Bu yeniden yapılanma, devrimci güçlerin parçalı ve düzensiz yapısından uzaklaşıp daha kurumsal ve koordineli bir askeri organizasyona dönüşmesi açısından bir dönüm noktası olarak görülüyor. Heyet Tahrir Şam (HTŞ), Milli Kurtuluş Cephesi (MKC) ve Feylak el-Şam gibi önde gelen grupları bünyesinde barındıran AOK, Suriye’nin kuzeyindeki İdlib, Hama, Lazkiye ve Batı Halep gibi kritik bölgelerdeki savunma hatlarını güçlendirdi.
AOK, rejim güçlerinin kontrolündeki bölgelere yakın cephe hatlarında faaliyet gösteriyor ve bu bölgeler, stratejik savaş alanları olarak öne çıkıyor. Özellikle rejim güçlerinin saldırılarından kaçan sivillere bir kalkan görevi gören koalisyon, rejim, Rusya ve İran destekli saldırılara karşı direnişi sürdürüyor.
Fethu’l-Mubin Operasyon Odası döneminde kazanılan zaferlerin üzerine yeni başarılar inşa etmeyi hedefleyen AOK, 2023 yılında Lazkiye kırsalında düzenlediği operasyonlarla rejim güçlerine ağır darbeler vurmuş, üst düzey rejim subaylarını hedef almıştır. Bu tür sızma operasyonları, rejimin sivillere yönelik saldırılarına karşı bir cevap niteliği taşımış ve özgürleştirilmiş bölgelerin savunulmasında koalisyonun rolünü güçlendirmiştir.
Koalisyonun stratejisi, rejimin saldırı gücünü yıpratma üzerine kurulu. Yüksek değerli hedeflere yönelik nokta operasyonlarla rejim güçlerini zayıflatırken büyük kayıplardan kaçınan AOK, bu şekilde bölgede bir denge oluşturarak rejim ilerleyişini durdurmayı başardı.
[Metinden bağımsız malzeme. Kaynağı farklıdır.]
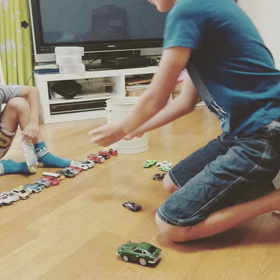 みんなの笑顔みるのが大好きな長男くん❤️の画像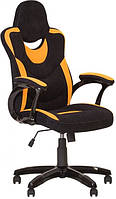 Компьютерное игровое геймерское кресло Госу Gosu Tilt PL-73 ткань MF-A/AB-37 черно-горчичный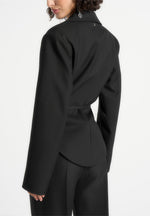 yuna-plunge-tailored-blazer-with-belt-black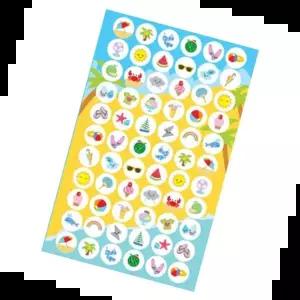 종이놀이 예현 계절 스티커 여름 AT-125/유치원/어린이집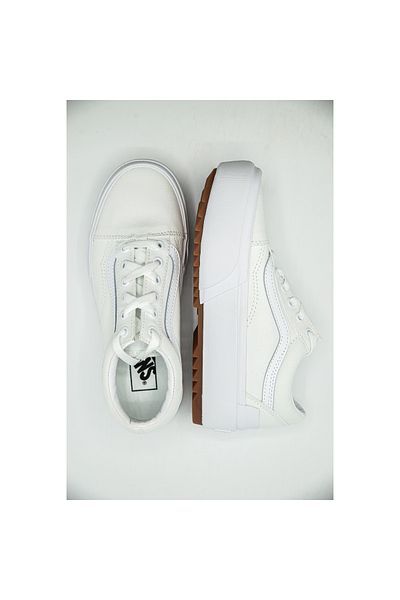 Vans Tenisky Vans Old Skool na platformě – bílé, unisex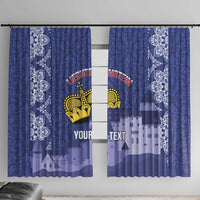 Custom Liechtenstein Football Window Curtain Go Blue-Reds Gutenberg Castle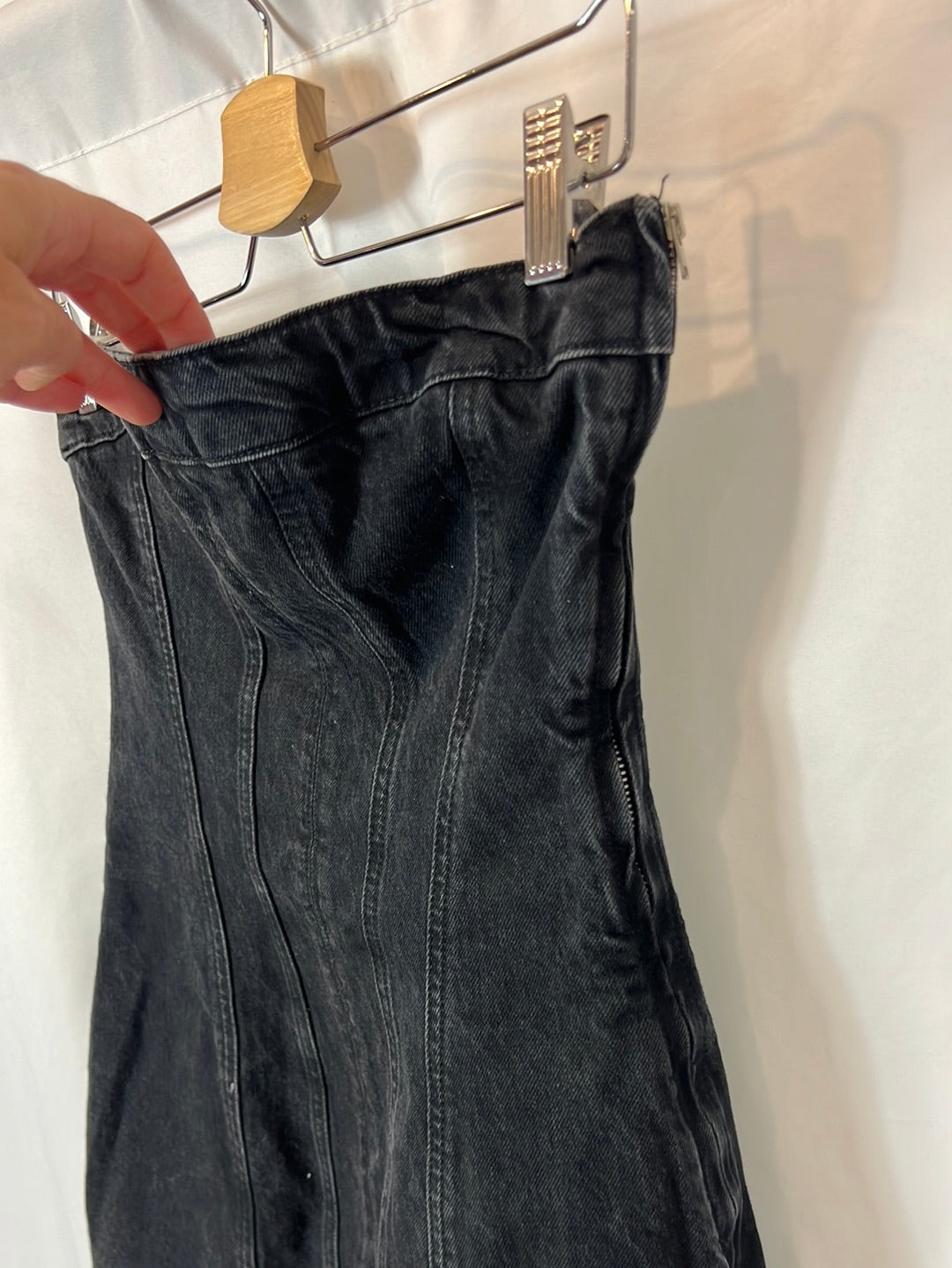 ZARA. Strapless denim dress. TM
AOK’nın kurumsallaşmış ve birleşik yapısı, devrimci askeri hareket için önemli bir gelişme olarak değerlendiriliyor. Önceden dağınık ve koordinasyondan yoksun şekilde yürütülen operasyonlardan uzaklaşılarak daha sürdürülebilir bir askeri organizasyon modeline geçildi.
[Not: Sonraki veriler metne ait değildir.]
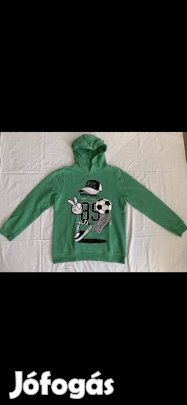 Kisfiú pulóver (158-164-es, NYC, csuklyás, zöld, C&A)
Suriye’nin kuzeybatısındaki özgürleştirilmiş bölgeleri savunma, rejimin saldırılarını püskürtme ve işgal altındaki toprakları geri alma misyonu ile hareket eden AOK, rejim tehdidinin devam ettiği sürece Suriye’nin geleceği için kritik bir güç olmaya devam edecek.
Fethu’l-Mubin’den Askeri Operasyonlar Komutanlığı’na dönüşüm, modernizasyon ve birlik ruhunun gücünü ortaya koyuyor ve bu süreç, devrimci güçlerin mücadele kapasitesini artırıyor.